Une bibliothèque-Musée du XXIème siècle
Le projet, dirigé par le conservateur de l’Inguimbertine Jean-François Delmas, a été conçu dans un souci de fidélité à la vocation originelle de la « bibliothèque-musée publique » voulue par Mgr d’Inguimbert, désireux de veiller sur ses diocésains autant sur le plan physique que spirituel. Pour l’heure, seule la première tranche – la bibliothèque multimédia – ouvre ses portes au public. Le deuxième volet des travaux (livraison prévue en septembre 2019), comprendra l’exposition permanente des réserves de livres rares et des collections d’œuvres d’art présentées par thème ainsi qu’une salle de consultation pour les chercheurs. S’appuyant sur un historique prestigieux, l’ensemble est pensé de façon contemporaine par l’agence d’architecture « Atelier Novembre » pour que grands et petits trouvent leur compte : flâner, emprunter des livres ou des DVD, travailler, lire, accéder à une offre numérique, participer à des animations, des rencontres avec des auteurs et s’approprier les grands ensembles architecturaux de l’hôtel-Dieu comme les galeries et jardins.
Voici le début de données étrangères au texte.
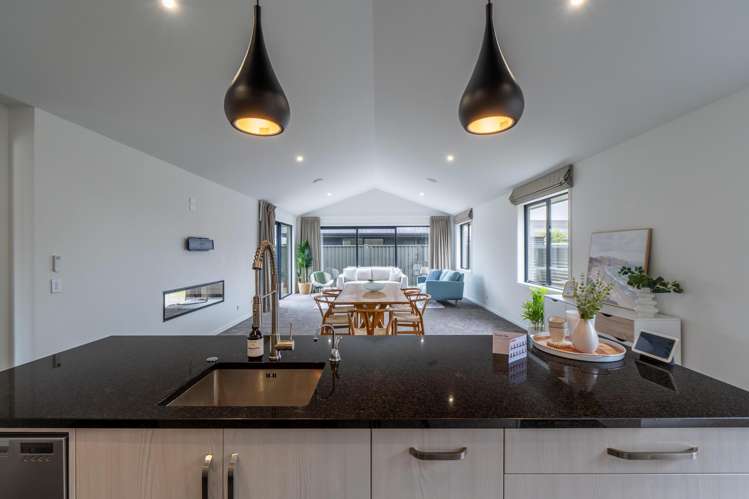 101 Hoffman Court Waikiwi_5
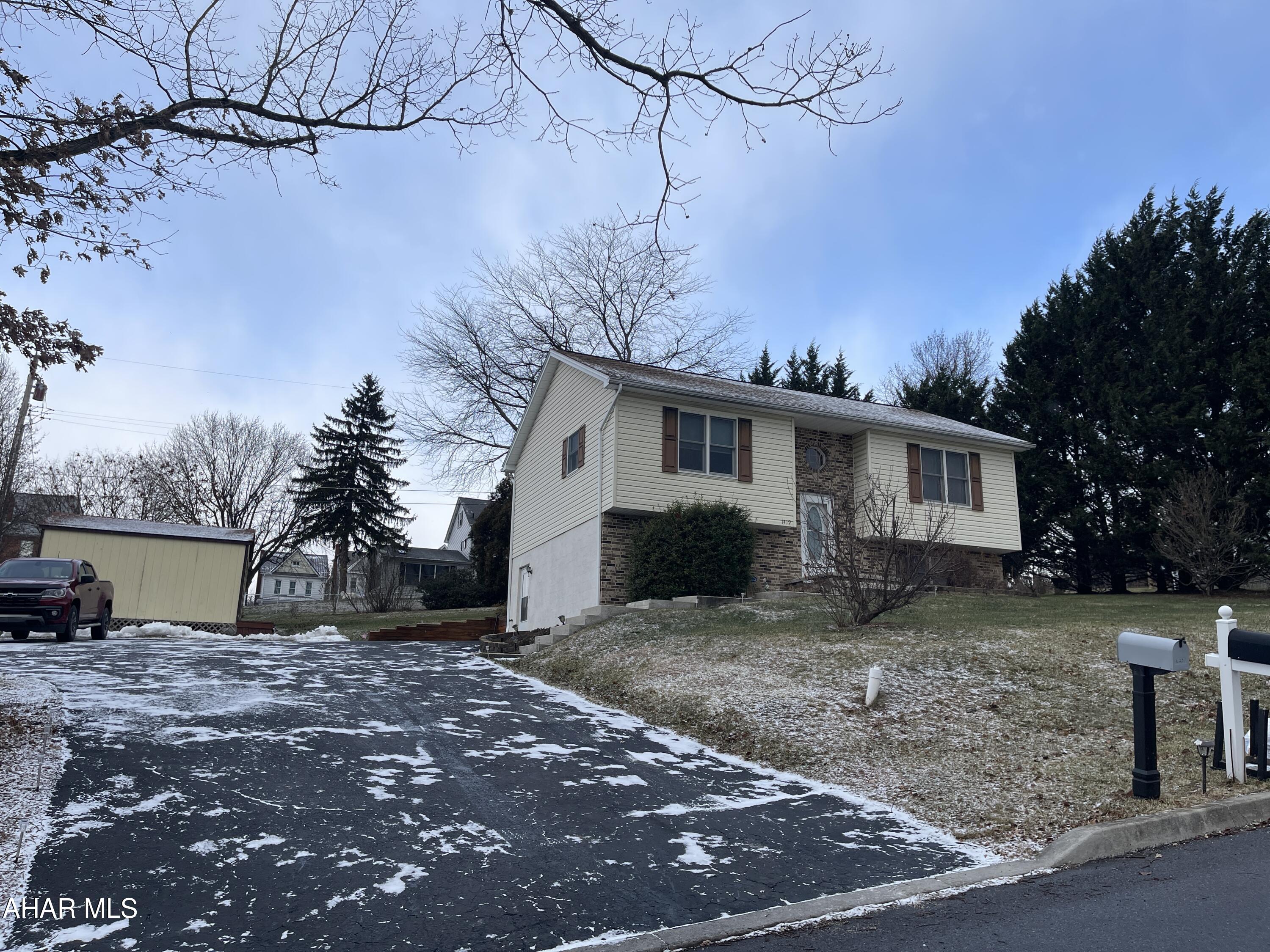 Juniata - Residential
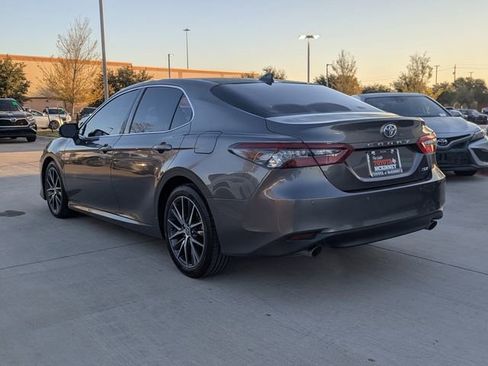 Used 2021 Toyota Camry XLE image 8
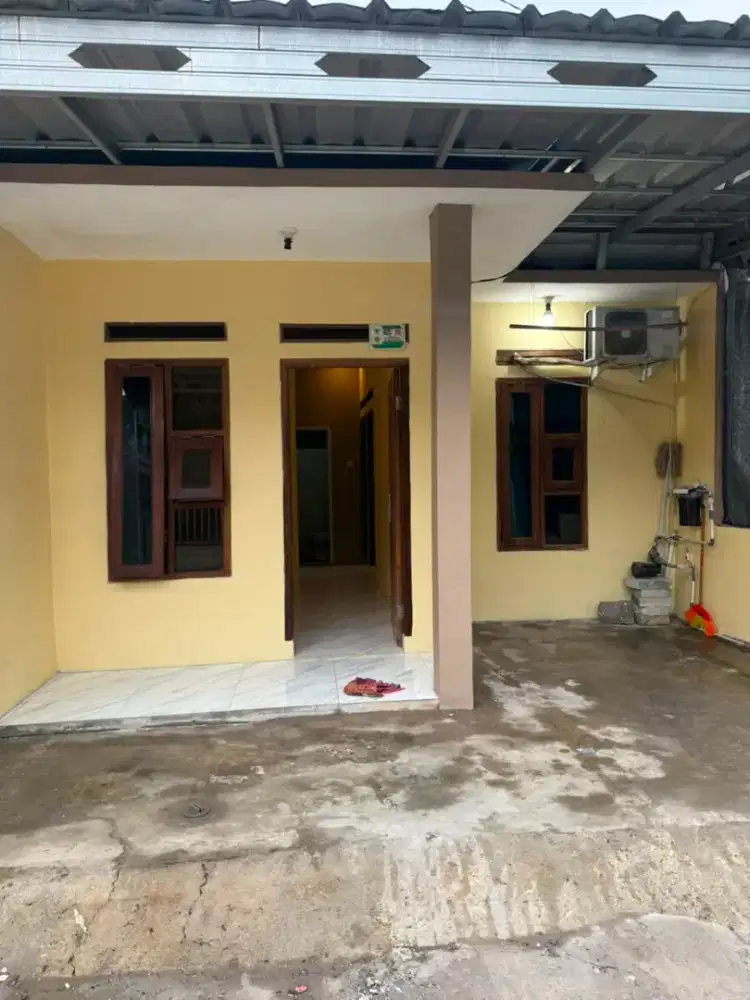 Rumah second dijual dekat pinggir jalan  Bogor 300jt Pabuaran Mekar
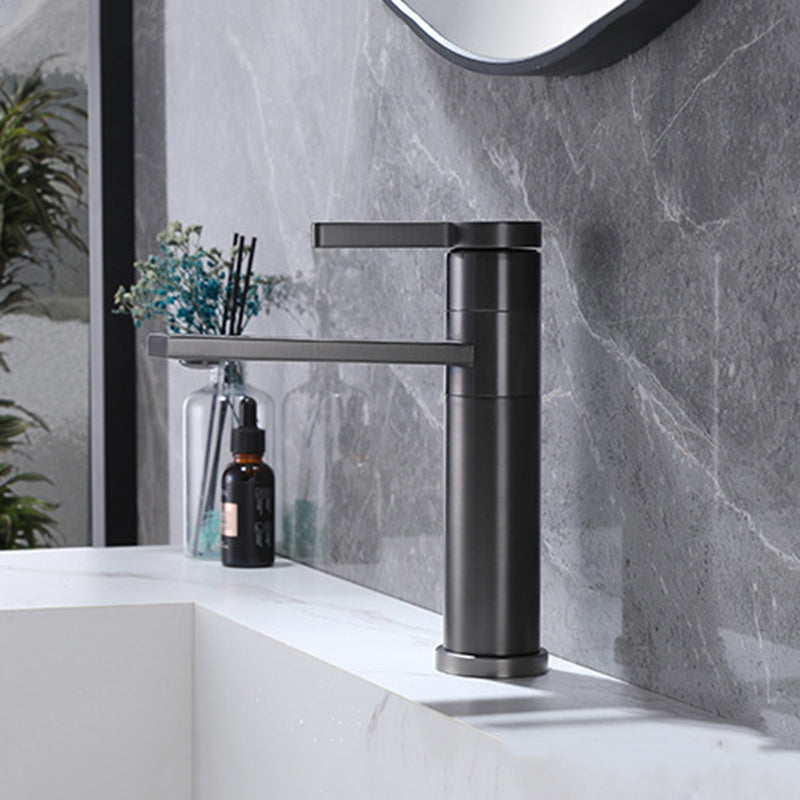 Industrial Circular Vessel Sink Faucet Stainless Steel Bathroom Faucet Clearhalo 'bathroom_sink_faucets' 'Conjunta de Baño y Conjunta de Grifo' 'Coronamiento de Baño y Dispositivo de Baño' 'Grifo del lavabo del baño' 'Hogar' 'home_improvement' 'home_improvement_bathroom_sink_faucets' 'Mejoras para el hogar' 6327451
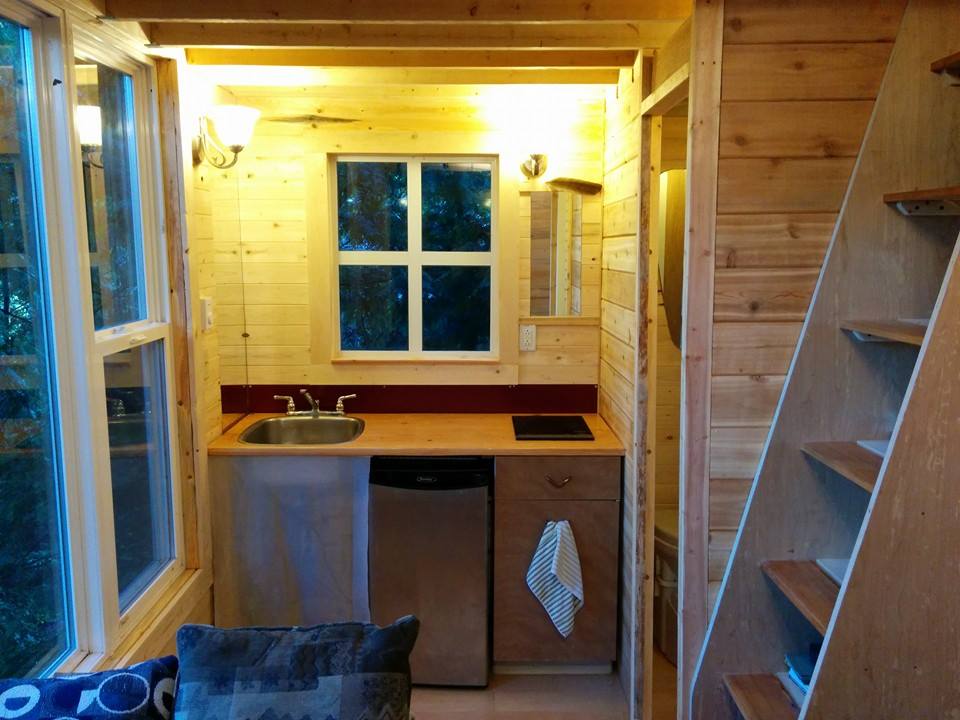 Kitchen with mini fridge and basic necessities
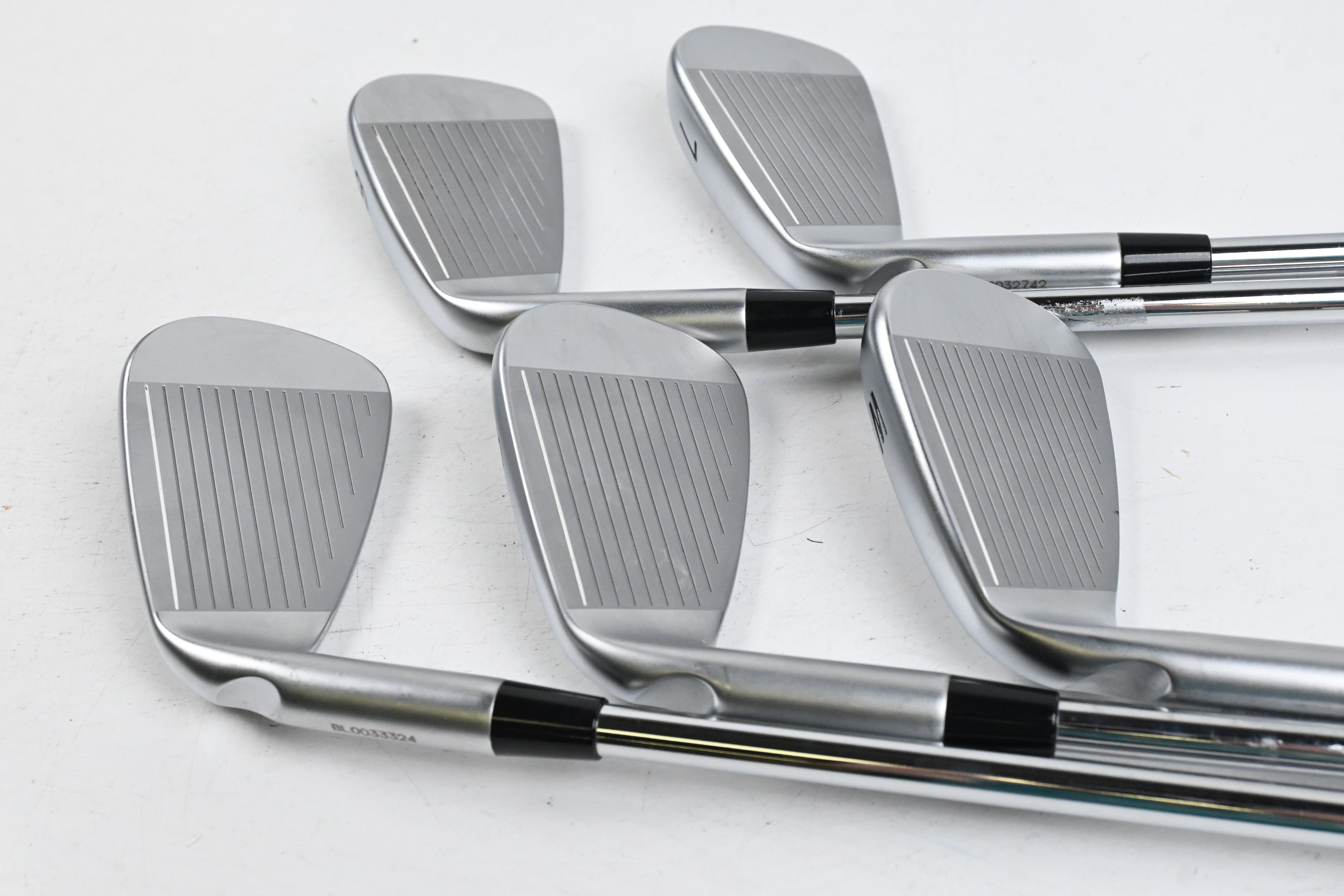 Ping I240 Irons / 6-PW / Green Dot / Regular Flex Dynamic Gold Mid 100 R300 Shafts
La proximité des livres, des objets d’art et des peintures au sein d’un même établissement illustre ici la volonté de diffuser le savoir sous toutes ses formes. Accessible à tous, cette bibliothèque-musée du XXIème siècle réserve une place importante aux nouvelles technologies. Ce projet confère à l’Inguimbertine et à l’hôtel-Dieu réunis aujourd’hui sous un même toit une vocation touristique et culturelle ainsi qu’une dimension sociale dans la continuité de son fondateur. In fine, ce projet patrimonial invite à redécouvrir l’histoire de Carpentras et du Comtat Venaissin au travers de l’une des plus riches institutions de la région PACA.
La plus vielle synagogue de France fête ses 650 bougies
Construite en 1367 et toujours en activité sa restauration s’imposait aujourd’hui pour ne pas laisser son patrimoine se détériorer. 2017 est donc le début de travaux de rénovation importants. L’édifice classé en 1924 occupe plusieurs niveaux. La salle de culte offre un décor baroque du 18éme siècle, avec colonnes et décor en faux marbre, tandis que le rez-de-chaussée abrite les parties les plus anciennes : le Mikvé avec les bains rituels, les deux boulangeries, l’une réservée au pain quotidien, l’autre à la confection du pain azyme sans levain, enfin une salle dédiée à Jérusalem dans l’enceinte de prière au sous-sol. Au premier étage la salle de prière édifiée en 1741 conserve son aspect initial. L’édifice remanié au 18ème siècle est toujours un lieu de culte pour une centaine de familles qui y célèbrent fêtes et cérémonies.
Les juifs du Pape
Cette synagogue témoigne de la civilisation judéo-provençale passée et d’une histoire un peu particulière, celle des « Juifs du Pape » intimement liée à celle de l’église catholique dans la région. Les juifs arrivent en Provence dès le 1 er siècle. Au 13ème siècle toutes les villes et beaucoup de bourgs ruraux abritent des communautés. Sous Philippe Le Bel (1306) ils sont chassés du royaume de France. Avec les Papes qui quittent Rome pour Avignon où ils s’installent dès 1309, les choses vont un peu changer. Placé sous l’autorité du Saint-Siège le comté d’Avignon ne sera pas rattaché au comtat Venaissin. D’où l’existence de deux Etats-Pontificaux placés sous la houlette du souverain pontife : le comté d’Avignon et le Comtat Venaissin. Le pape Clément VI décide d’accueillir les juifs sur ses terres pontificales dont fait partie le Comtat Venaissin. La notion de « Juifs du Pape » est née. Commence alors pour eux sous la protection pontificale une période de relative liberté, une législation sévère réglementant néanmoins leurs droits. Au 15ème siècle est institué le ghetto et leur activité professionnelle limitée à la friperie, à l’usure, et à la vente d’objets de deuxième usage.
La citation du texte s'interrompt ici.